Shareholders vs employees
Many large companies with excess cash do share buybacks or offer a dividend. Both of these are intended to benefit shareholders. However, the waters are muddied in that some employees are also shareholders.
Let’s look at the numbers for Apple.
Cook said that Apple had returned $27.5 billion to shareholders last quarter
Apple […] also approved a 77 cent dividend per share.
Apple stock spikes after reporting strong guidance and earnings beat—CNBC—April 30, 2019
As of September 29, 2018 , the Company had approximately 132,000 full-time equivalent employees.
Apple Form 10K—SEC—September 29, 2018
I’ll extrapolate a little since I couldn’t find complete numbers.

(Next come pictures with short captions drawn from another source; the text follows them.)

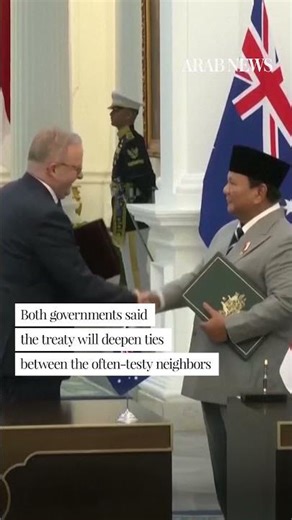 Leaders of Indonesia and Australia sign a new security treaty to affirm deeper ties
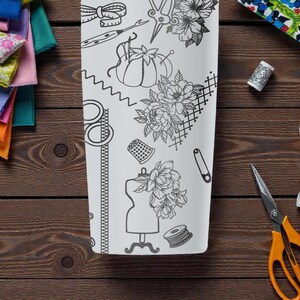 May include: A white, rectangular tumbler featuring a black line drawing of sewing tools and floral designs. The tumbler is surrounded by colorful fabric scraps, spools of thread, and orange scissors on a wooden surface.
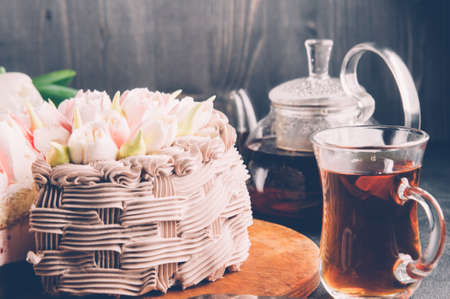 Cups of tea and cake on a dark backgroundの写真素材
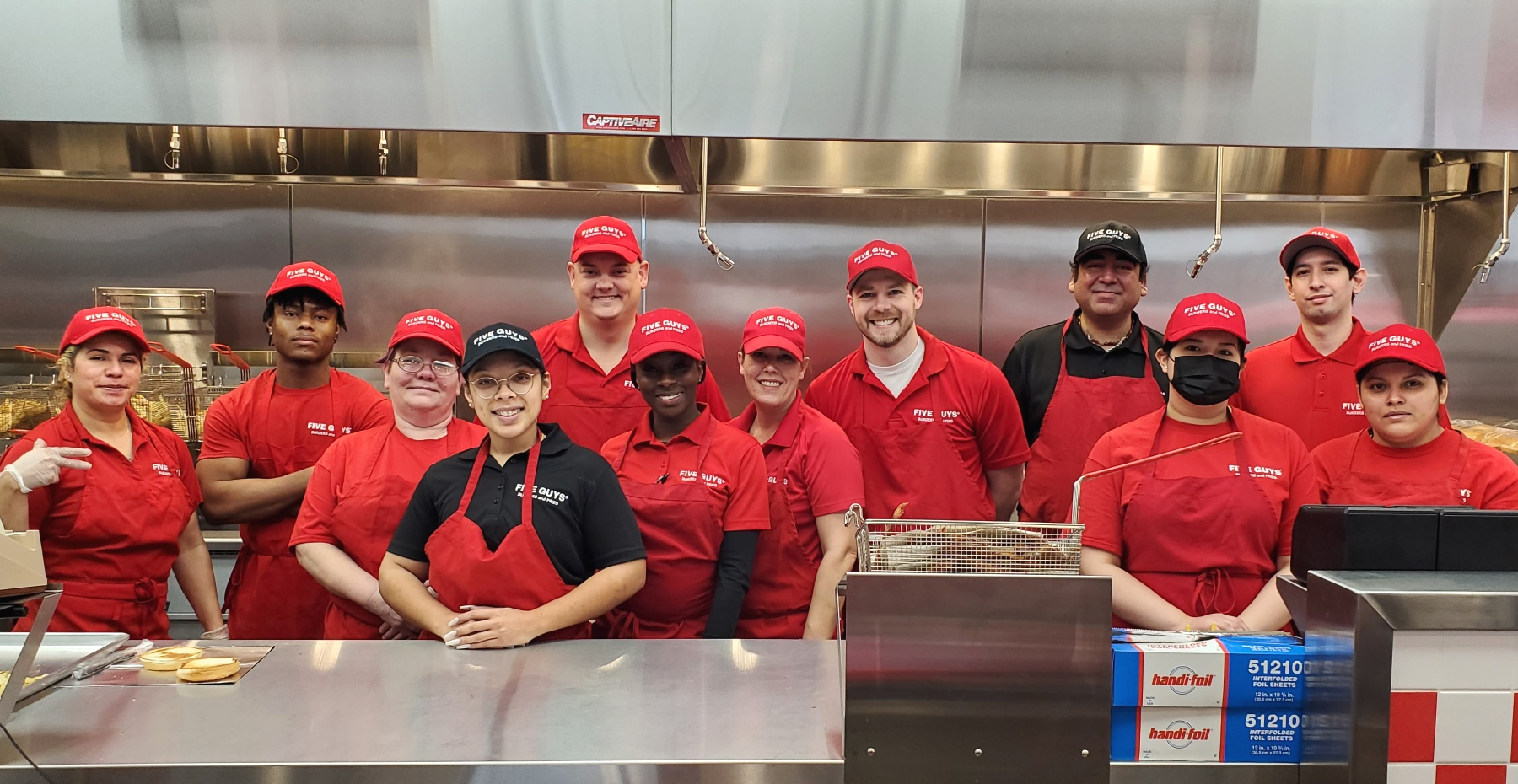 Employee pose for a photograph in the kitchen ahead of the grand opening of the Five Guys restaurant at 44795 Dulles Overlook Drive in Ashburn, Virginia.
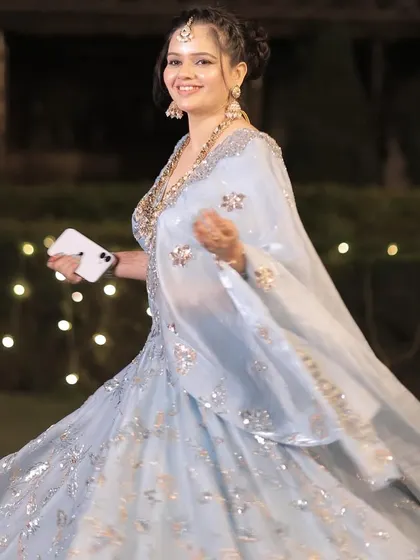 A guest twirling in a beautiful powder blue lehenga, her makeup looking fresh and radiant.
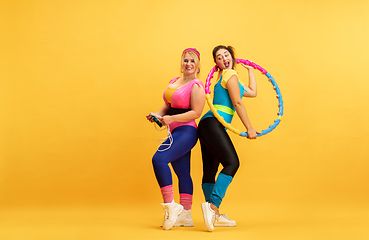 Image showing Young caucasian plus size female models training on yellow background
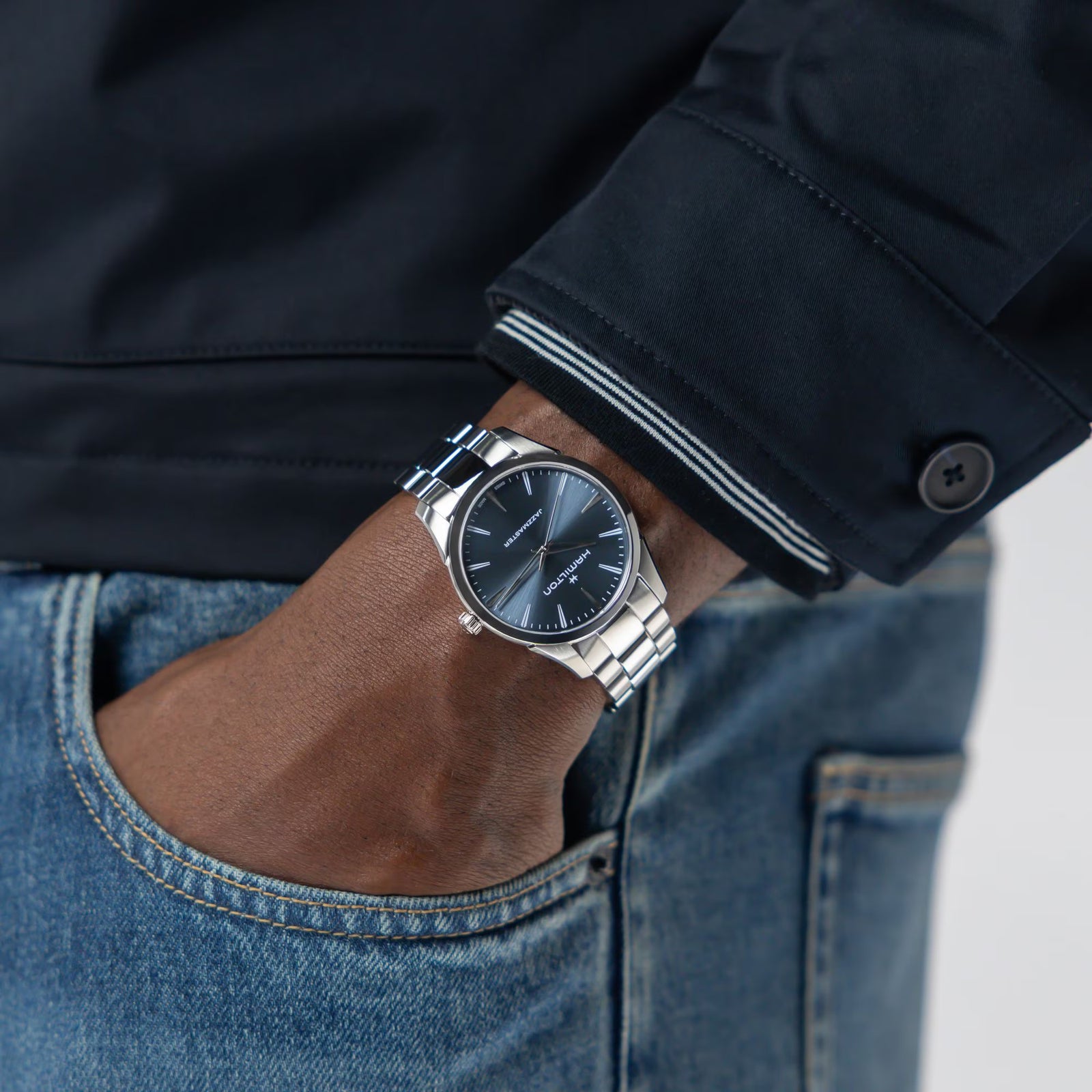 Hand wearing a silver watch with a dark face, against a blurred background.

Hamilton Jazzmaster Quartz 40mm H32461141 Bandiera Jewellers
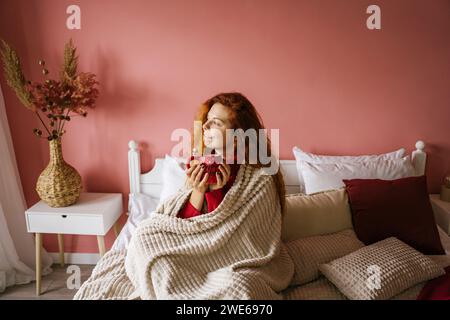 Donna con la testa rossa contemplativa che tiene una tazza di caffè a letto a casa Foto Stock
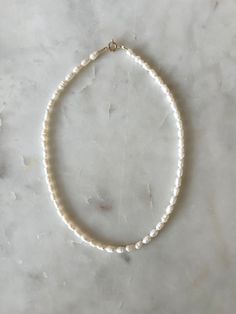 The Chelsea Dainty Pearl Necklace features tiny fresh water pearls that resemble a fresh shell just washed up from the ocean.  Secured by a gold-filled clasp that won't tarnish in sweater or water.  Available in 15", 16" or 17" in length. Handmade Delicate Pearl White Pearl Necklace, Dainty Baroque Pearl Necklace In Pearl White, Fresh Water Pearl Necklace, Summer Beach-appropriate Pearl Chain Necklace, Classic 14k Gold-filled Pearl Necklace, Dainty Pearl Necklace, Freshwater Pearl Necklaces, Chain Ring, Star Necklace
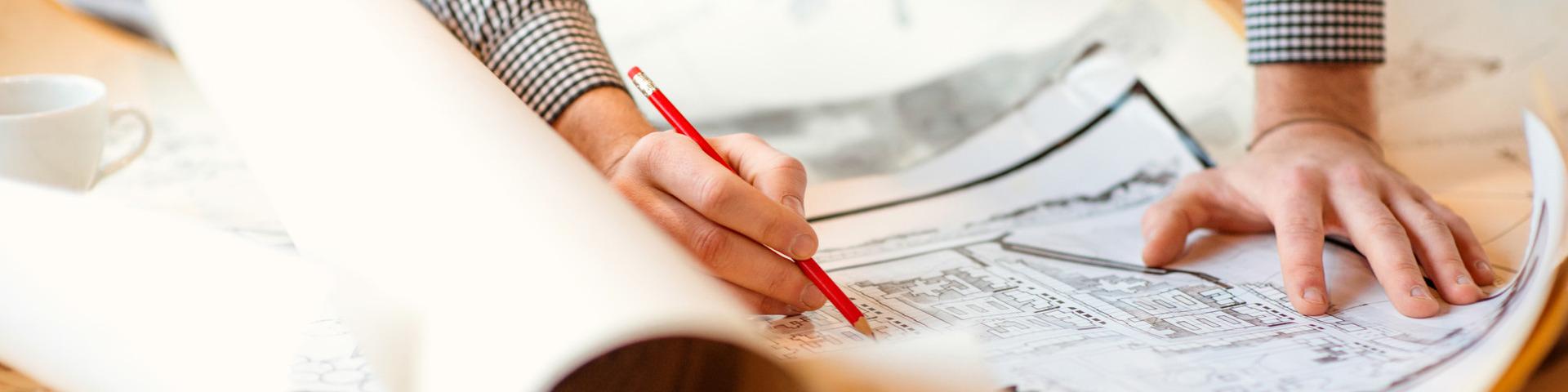 A person with a red pen spreads and marks now a note on a large paper plan.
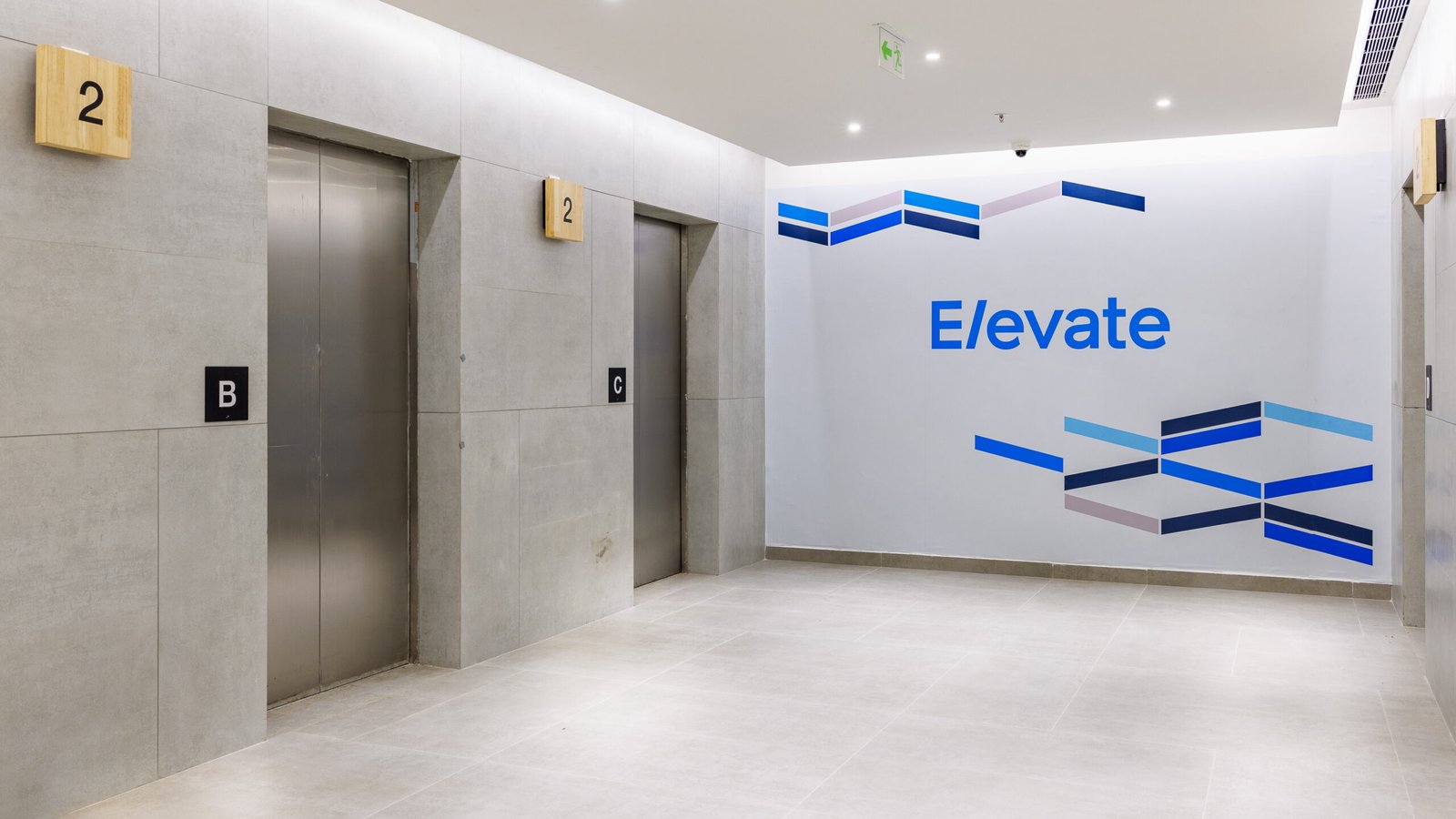 Modern commercial lift lobby with light stone walls and blue signage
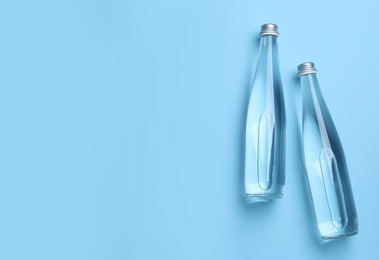 Glass bottles with water on light blue background, flat lay. Space for text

- $27.5 billion x 4 quarters = $110 billion in yearly share repurchase
- 77 cents x 4.72 billion shares x 4 quarters = $14.5 billion annual dividend
- $110 billion + $14.5 billion = $124.5 billion given to shareholders yearly
Divide that by the number of employees. Check my math and let me know if I got it wrong.
$943,181 per employee per year
Gasp.
Let’s revisit the matter of employees that receive shares in a company and how they might benefit from a repurchase or dividend. While a repurchase raises earnings per share (since the number of shares decreases), there’s no evidence it raises stock prices.
Higher share repurchases, in turn, significantly lowered the research and development expenditures that are important for raising productivity. Further, increasing earnings per share does not equate to increases in shareholder value.
Share repurchase—Wikipedia
Dividends are a different story.
Some studies, however, have demonstrated that companies that pay dividends have higher earnings growth, suggesting that dividend payments may be evidence of confidence in earnings growth and sufficient profitability to fund future expansion.
Dividend—Wikipedia
So, the opinion is mixed on giving money to shareholders affecting the stock price, but 88% of their cash outlay is for stock repurchase. Even so, I suspect less than 100 people at Apple hold enough stock to experience a gain of $943,181 yearly, so most employees would take some of the cash without hesitation.
I’m not suggesting weathly companies just give every employee a million dollars a year. However, much could be spent on retaining the best and the brightest and attracting the next generation of employees. Also, money could be spent to keep the most vital people from leaving.
Attracting and retaining the best talent can translate to making the best products. This is a much more likely way to make the stock go up. Revenue and profits impress people and make them want to buy more stock. Reducing the number of shares and increasing the EPS and dividend yield is not quite as inspirational.
Sure, perks and benefits are well above average at companies like Apple. But they are just as good at many other companies. With a million dollars per employee in your wallet, why not make them exceptional? Why not make benefits a reason to come work there? Why not make benefits that are so compelling that it’s much harder to leave?
Companies tend to focus on products and do the minimum they need to attract and retain employees. Benefits should be as strong a barrier to leave as the work, the employees, and the facilities.
Finally, where money is spent says a lot about priorities. Is it employees or is it shareholders?